§ GIVEN RECORDS
____

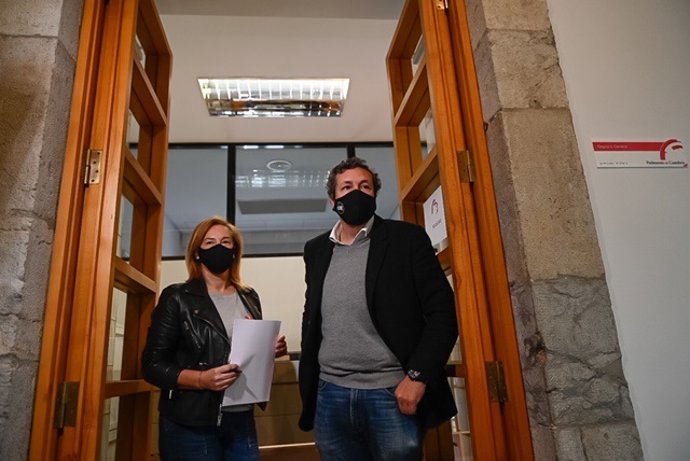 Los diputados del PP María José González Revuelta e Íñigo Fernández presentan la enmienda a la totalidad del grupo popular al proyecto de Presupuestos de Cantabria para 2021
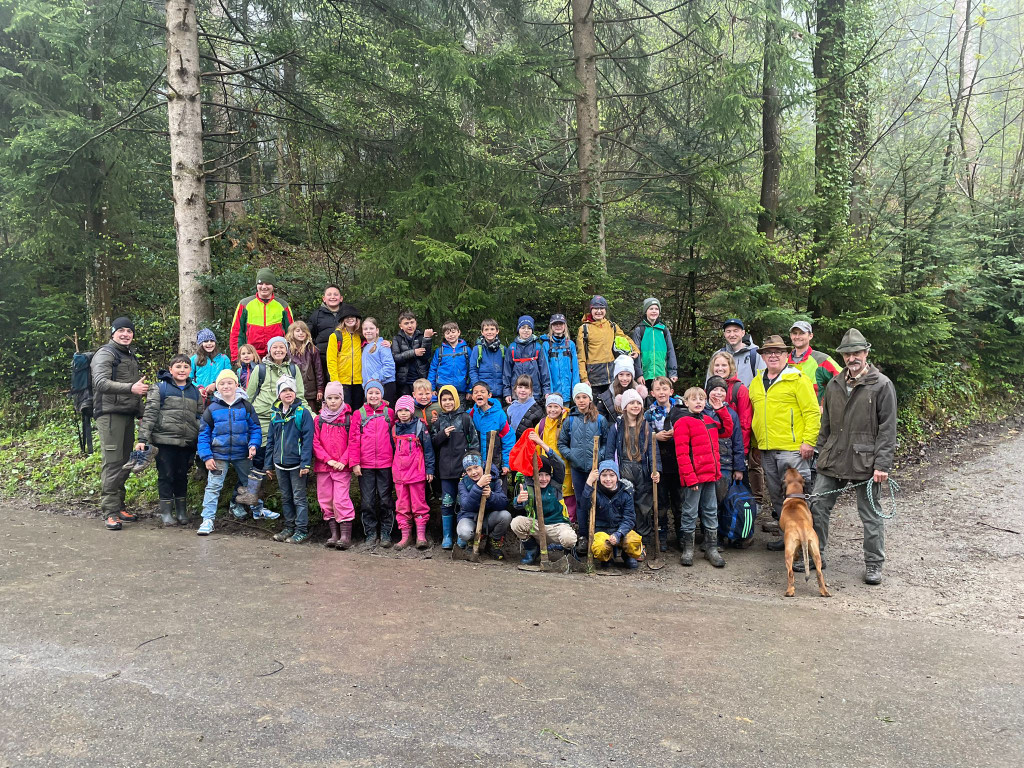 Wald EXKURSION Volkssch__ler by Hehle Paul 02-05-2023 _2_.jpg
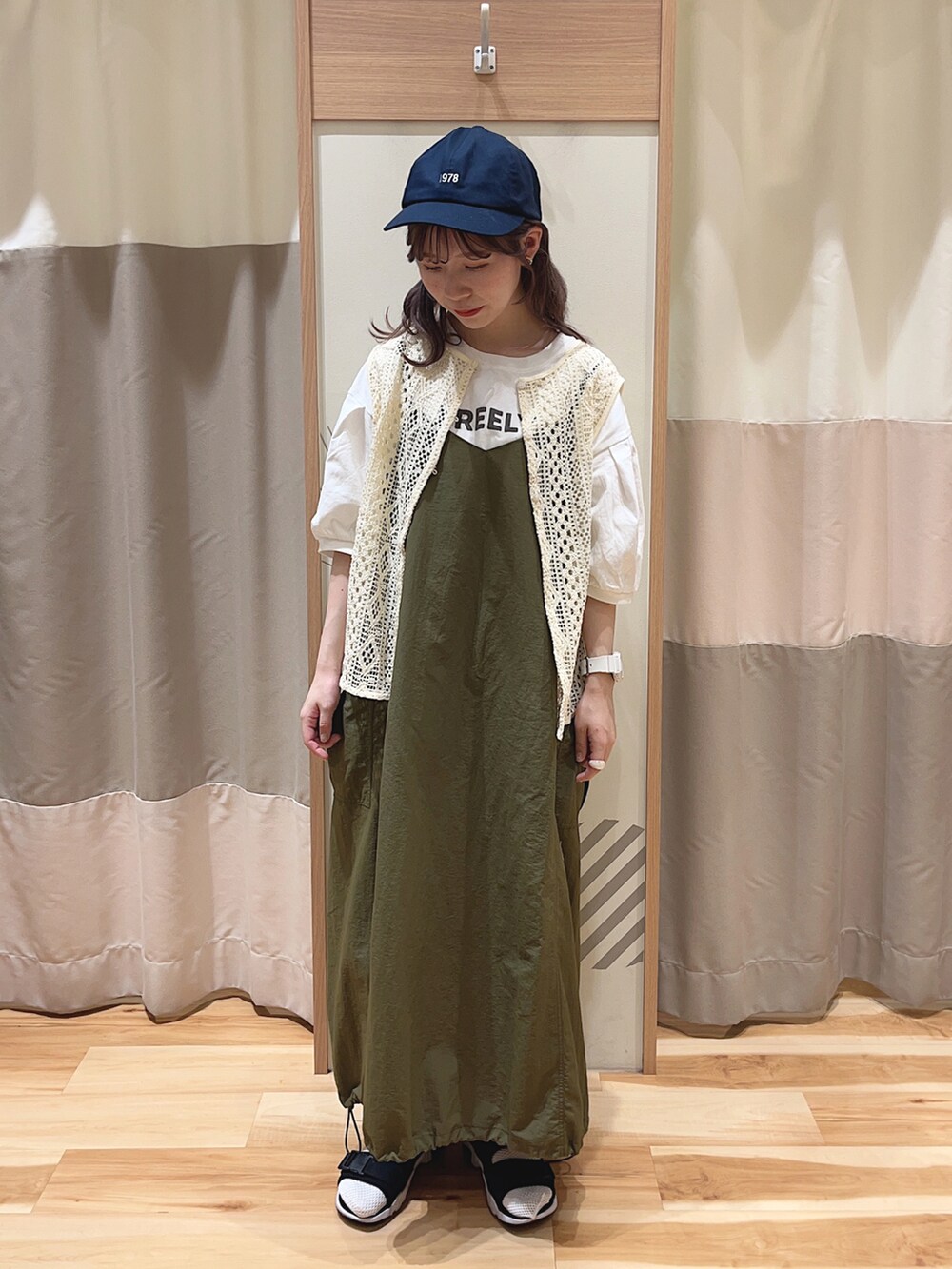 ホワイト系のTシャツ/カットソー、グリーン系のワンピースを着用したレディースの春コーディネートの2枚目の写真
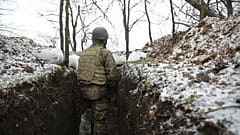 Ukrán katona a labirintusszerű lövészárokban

____

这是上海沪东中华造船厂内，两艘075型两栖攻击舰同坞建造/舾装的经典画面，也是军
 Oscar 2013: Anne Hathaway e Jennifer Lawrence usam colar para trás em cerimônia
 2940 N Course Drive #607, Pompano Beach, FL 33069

____

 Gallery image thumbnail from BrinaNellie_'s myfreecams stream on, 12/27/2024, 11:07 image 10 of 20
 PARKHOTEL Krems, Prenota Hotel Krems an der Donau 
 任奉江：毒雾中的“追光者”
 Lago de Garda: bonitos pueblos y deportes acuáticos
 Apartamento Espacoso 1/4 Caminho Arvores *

____

§ TASK DESCRIPTION
All that is wanted is the lines above between the one containing "Los diputados del" and the one containing "Ukrán katona a labirintusszerű lövészárokban", inclusive, restated word for word, with pictures omitted.

§ EXERCISE ANSWER
 Los diputados del PP María José González Revuelta e Íñigo Fernández presentan la enmienda a la totalidad del grupo popular al proyecto de Presupuestos de Cantabria para 2021
 Wald EXKURSION Volkssch__ler by Hehle Paul 02-05-2023 _2_.jpg
 ホワイト系のTシャツ/カットソー、グリーン系のワンピースを着用したレディースの春コーディネートの2枚目の写真
 Ukrán katona a labirintusszerű lövészárokban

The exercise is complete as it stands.